Fassino e il compagno Marchionne

Fassino e il compagno Marchionne

Alcuni giorni fa Sergio Marchionne, amministratore delegato della Fiat, ha fatto una relazione a un convegno della rivista L’Impresa. Si è occupato di capitalismo, di mercato, svolgendo alcuni ragionamenti al di fuori del mercato automobilistico e sulla società nel suo complesso. Discorso per lunga parte condivisibile.
Piero Fassino, l’altro ieri, ha dichiarato che Marchionne è un alleato naturale perché parla da socialdemocratico. La cosa non ci turba più di tanto perché, come tutti ricorderanno, questi signori del centrosinistra già in campagna elettorale andarono un po’ dappertutto dicendo che tutti erano potenziali alleati. Il massimo fu raggiunto da Romano Prodi al convegno della Cgil dove sostenne che il loro programma era uguale al suo. Peccato che questa cosa poi la ripeté anche di fronte ad alcune categorie produttive. D’altra parte, nello sbandamento generale, quando vedono emergere qualcosa di buono (cioè di cui i giornali parlano bene), si accodano. Anzi, vorrebbero che questi interlocutori si accodassero a loro.

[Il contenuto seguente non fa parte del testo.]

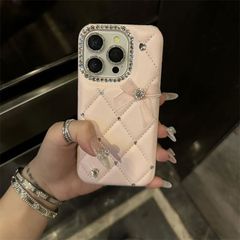 iPhoneケースiPhone全機種対応  おしゃれ 立体 リボン ピンク アーガイル スマホケース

Lasciamo perdere queste tristezze e occupiamoci di Marchionne. L’amministratore delegato della prima casa automobilistica italiana, dopo aver affermato che non esiste un unico modello di capitalismo, ha sostenuto che lui preferisce quello europeo, perché la responsabilità sociale differenzia questo modello da quello statunitense. Poco dopo, Marchionne si è occupato del fatto che gli investimenti esteri non arrivano in Italia ed ha indicato tra le ragioni di questo fenomeno la burocrazia, i servizi, le infrastrutture, le tasse e i costi di gestione. Tutti questi sarebbero fattori che, assieme ad esempio al costo dell’energia, rendono l’Italia un Paese che ha difficoltà a stare nei mercati dei Paesi più industrializzati in modo competitivo. Vorremmo far notare che tutte quelle cose che Marchionne ricorda sono, alla rovescia, tra i motivi per i quali il modello americano «funziona» più di quello europeo. E allora difendiamo pure la responsabilità sociale che caratterizza il modello europeo (che in Italia per tanti anni si è chiamato assistenzialismo), ma è ben difficile avere la botte piena e la moglie ubriaca.

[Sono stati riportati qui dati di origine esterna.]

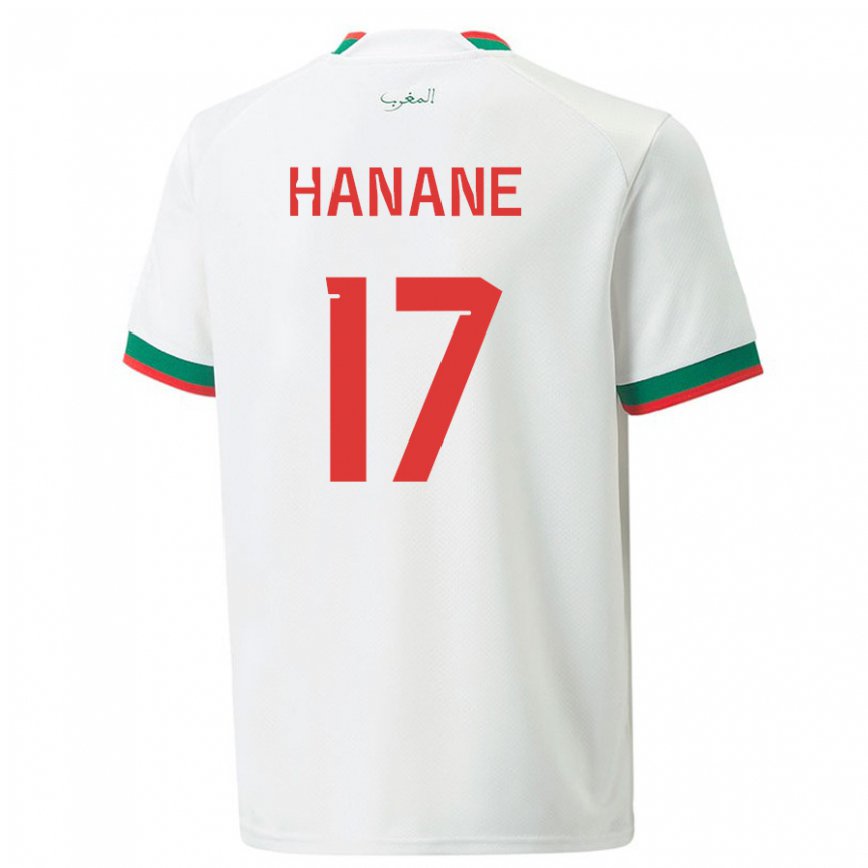 Hombre Camiseta Marruecos Hanane Ait El Haj #17 Blanco 2ª Equipación 22-24 Argentina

Siamo grati a Marchionne per aver finalmente saputo, con gran destrezza, rilanciare la Fiat. Tra l’altro lo ha fatto nel momento in cui la Fiat si è trovata all’asciutto quanto ad aiuti statali. Soldi non ce n’erano più e quelli che c’erano non potevano essere destinati alla Fiat perché le regole sulla concorrenza europea non lo consentivano. Per tanti anni la Fiat è andata avanti con quella responsabilità sociale per la quale occorreva sempre salvare tutto e a ogni costo. Marchionne ha operato senza l’aiuto della responsabilità sociale. Complimenti.
Per quanto riguarda Piero Fassino abbiamo già sostanzialmente detto. Vorremmo fargli notare che la socialdemocrazia dal punto di vista dello sviluppo economico, dei rapporti Stato-mercato, nonché della spesa sociale in rapporto al debito pubblico è un modello almeno discutibile. Tra l’altro Marchionne ha parlato di società liberale, cosa che non è esattamente nelle corde di un socialdemocratico. Ma evidentemente tutto fa brodo. Vorremmo solo far rilevare che non c’è autore liberale o liberista che si voglia che non abbia sostenuto, von Hayek in testa, che la Grande Società, quella liberale, non dovesse occuparsi anche dei soggetti deboli. Anzi, proprio il filosofo austriaco sostenne che una società non poteva dirsi grande se non si fosse occupata dei soggetti deboli. Lo stesso disse anche Luigi Einaudi, altro autore liberista, nato dalle parti dove è nato il segretario dei Ds.

In altre parole, non occorre andare a cercare alcun modello socialdemocratico per mettere insieme la società liberale e i soggetti deboli. C’è già tutto nel patrimonio liberale. Ma quando si va un tanto al chilo queste «sottigliezze» possono sfuggire.